Exercise goal = Each entry that follows is to be duplicated exactly, without its images.

______________________________

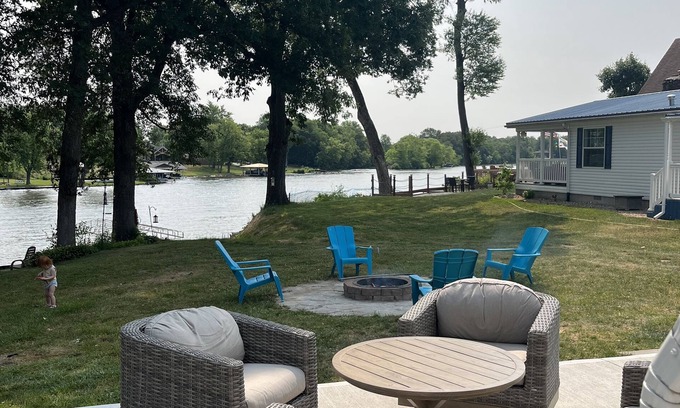 Monticello House | Idyllic Lakefront Cottage: Perfect for Summer Nights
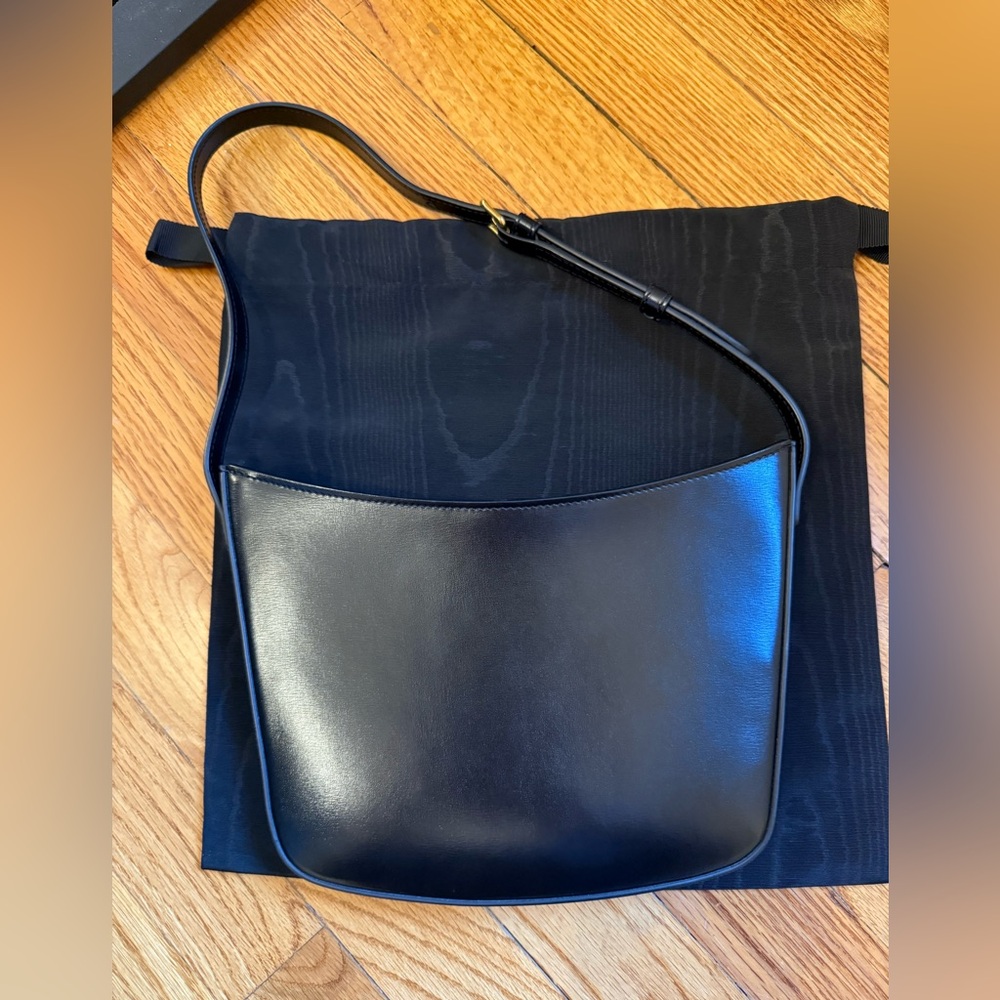 CELINE CROQUE CALFSKIN SHOULDER BAG - Picture 3 of 14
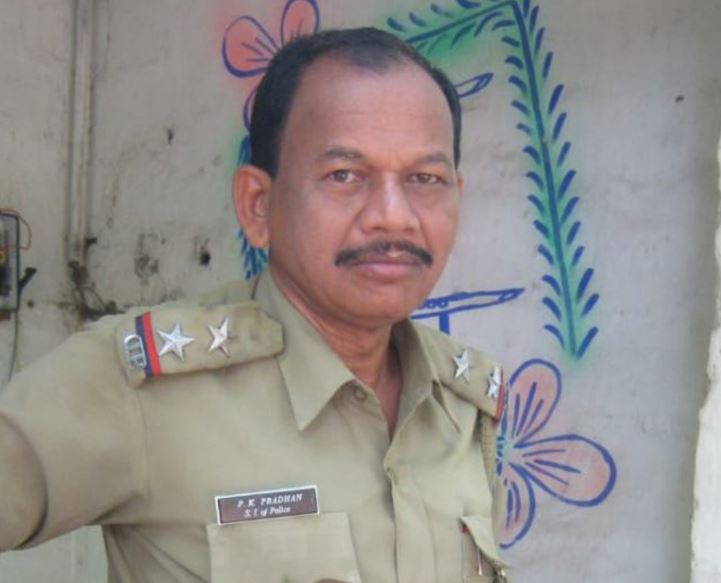  ଅନୁଗୁଳ ଜିଲ୍ଲା ଆଠମଲ୍ଲିକ ବ୍ଲକର ଜାମୁଡୋଲିରେ ପ୍ରବୀର ପ୍ରଧାନଙ୍କ ଜନ୍ମ । ବାପା ପ୍ରଫୁଲ୍ଲ କୁମାର ପ୍ରଧାନ ଥିଲେ ଜଣେ ପୋଲିସ ଅଫିସର । ପୋଲିସ ପରିବାରରେ ବଢ଼ିଥିବା ପ୍ରବୀରଙ୍କର ପିଲା ବେଳୁ ଇଚ୍ଛା ଥିଲା ହେବେ ସାମ୍ବାଦିକ ।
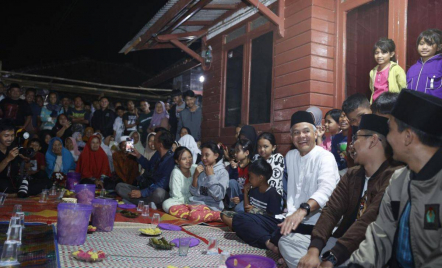 Ganjar Pranowo Menginap di Rumah Warga Desa Menjelang Pilpres 2024 - GenPI.co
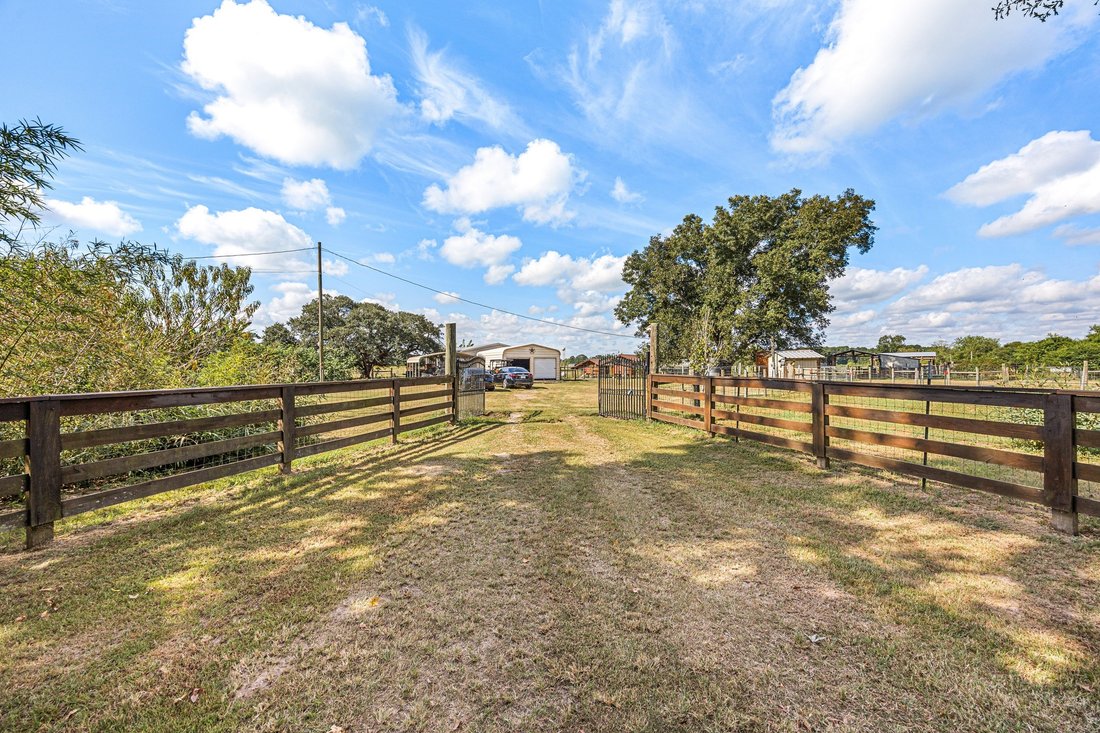 House in Cleveland, Texas, United States 2 - 19029750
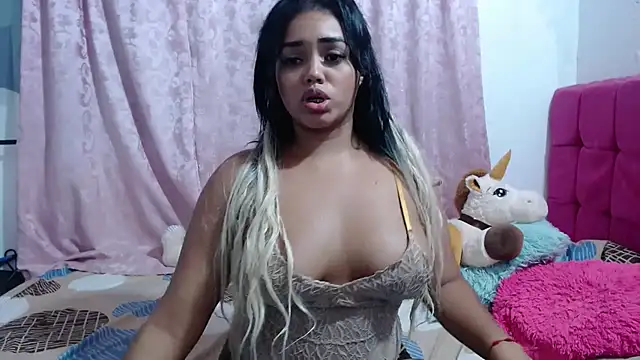 kiara milf  online show from March 21, 2025, 1:24 am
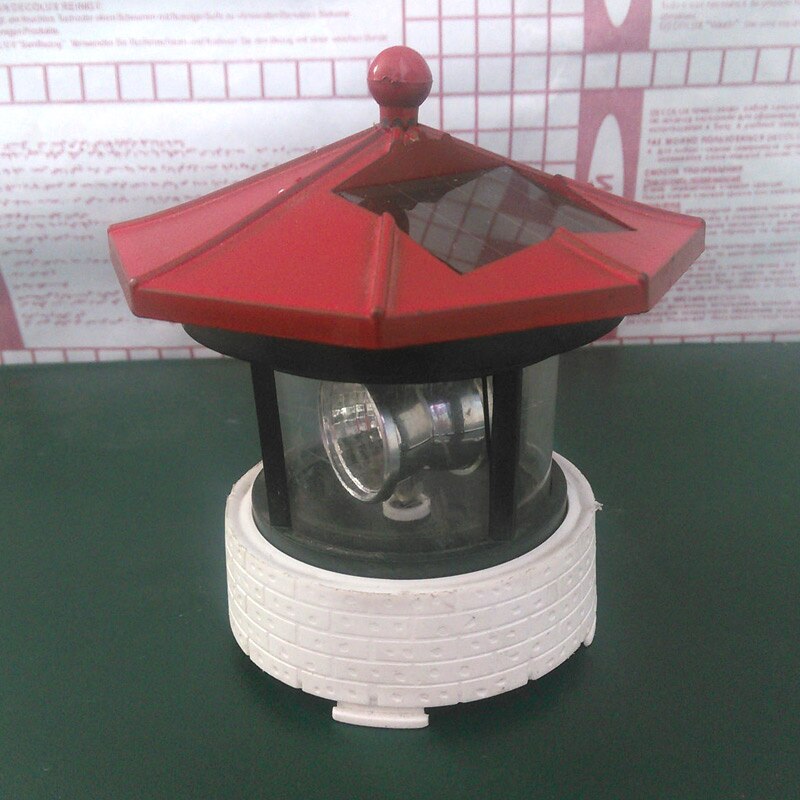 Solar Powered Lighthouse with Rotating Lamp Bulb Garden Ornament Patio Light YE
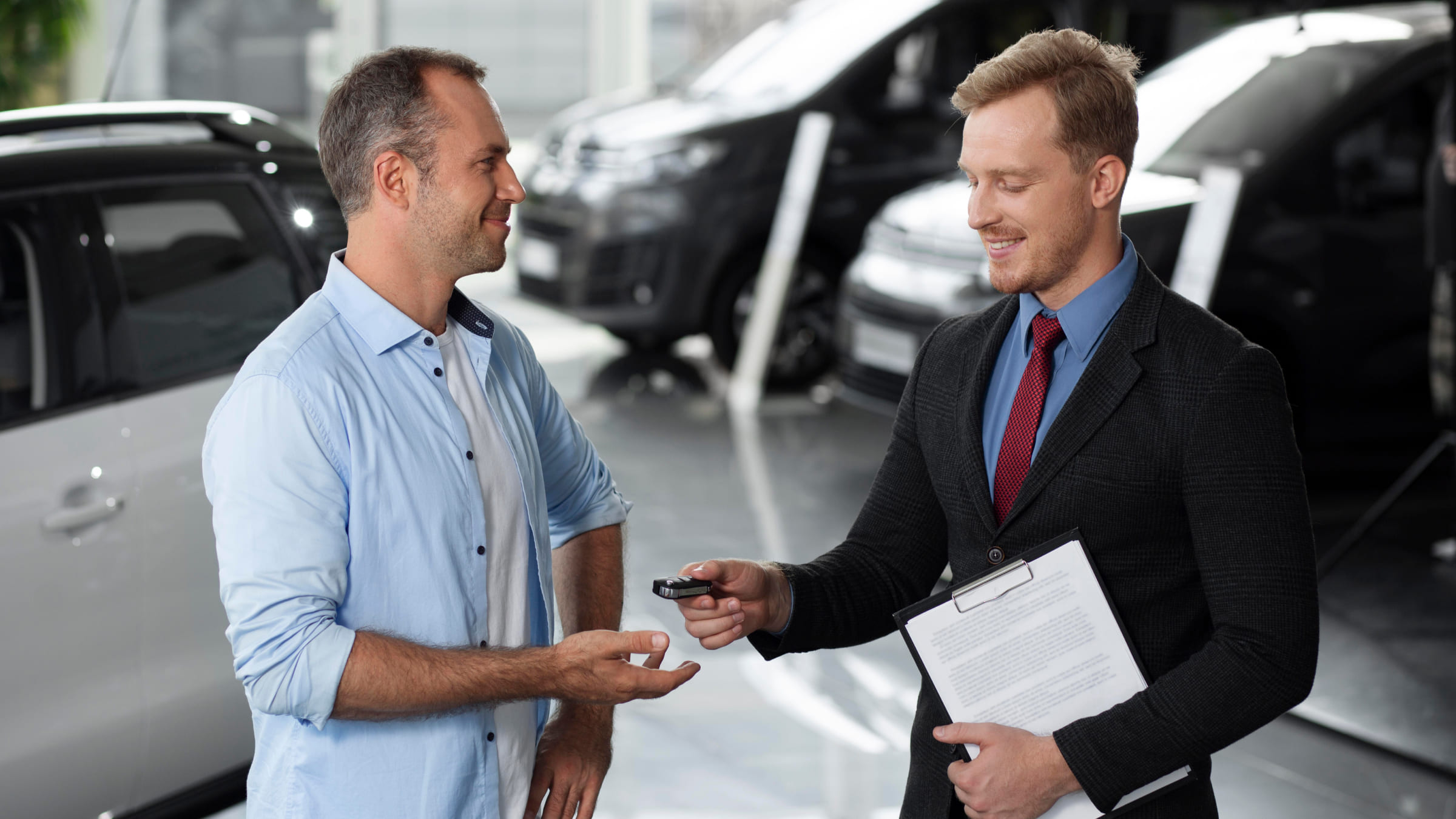 Международные сервисы аренды авто позволяют бронировать машину заранее.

______________________________

Final answer =
 Monticello House | Idyllic Lakefront Cottage: Perfect for Summer Nights
 CELINE CROQUE CALFSKIN SHOULDER BAG - Picture 3 of 14
  ଅନୁଗୁଳ ଜିଲ୍ଲା ଆଠମଲ୍ଲିକ ବ୍ଲକର ଜାମୁଡୋଲିରେ ପ୍ରବୀର ପ୍ରଧାନଙ୍କ ଜନ୍ମ । ବାପା ପ୍ରଫୁଲ୍ଲ କୁମାର ପ୍ରଧାନ ଥିଲେ ଜଣେ ପୋଲିସ ଅଫିସର । ପୋଲିସ ପରିବାରରେ ବଢ଼ିଥିବା ପ୍ରବୀରଙ୍କର ପିଲା ବେଳୁ ଇଚ୍ଛା ଥିଲା ହେବେ ସାମ୍ବାଦିକ ।
 Ganjar Pranowo Menginap di Rumah Warga Desa Menjelang Pilpres 2024 - GenPI.co
 House in Cleveland, Texas, United States 2 - 19029750
 kiara milf  online show from March 21, 2025, 1:24 am
 Solar Powered Lighthouse with Rotating Lamp Bulb Garden Ornament Patio Light YE
 Международные сервисы аренды авто позволяют бронировать машину заранее.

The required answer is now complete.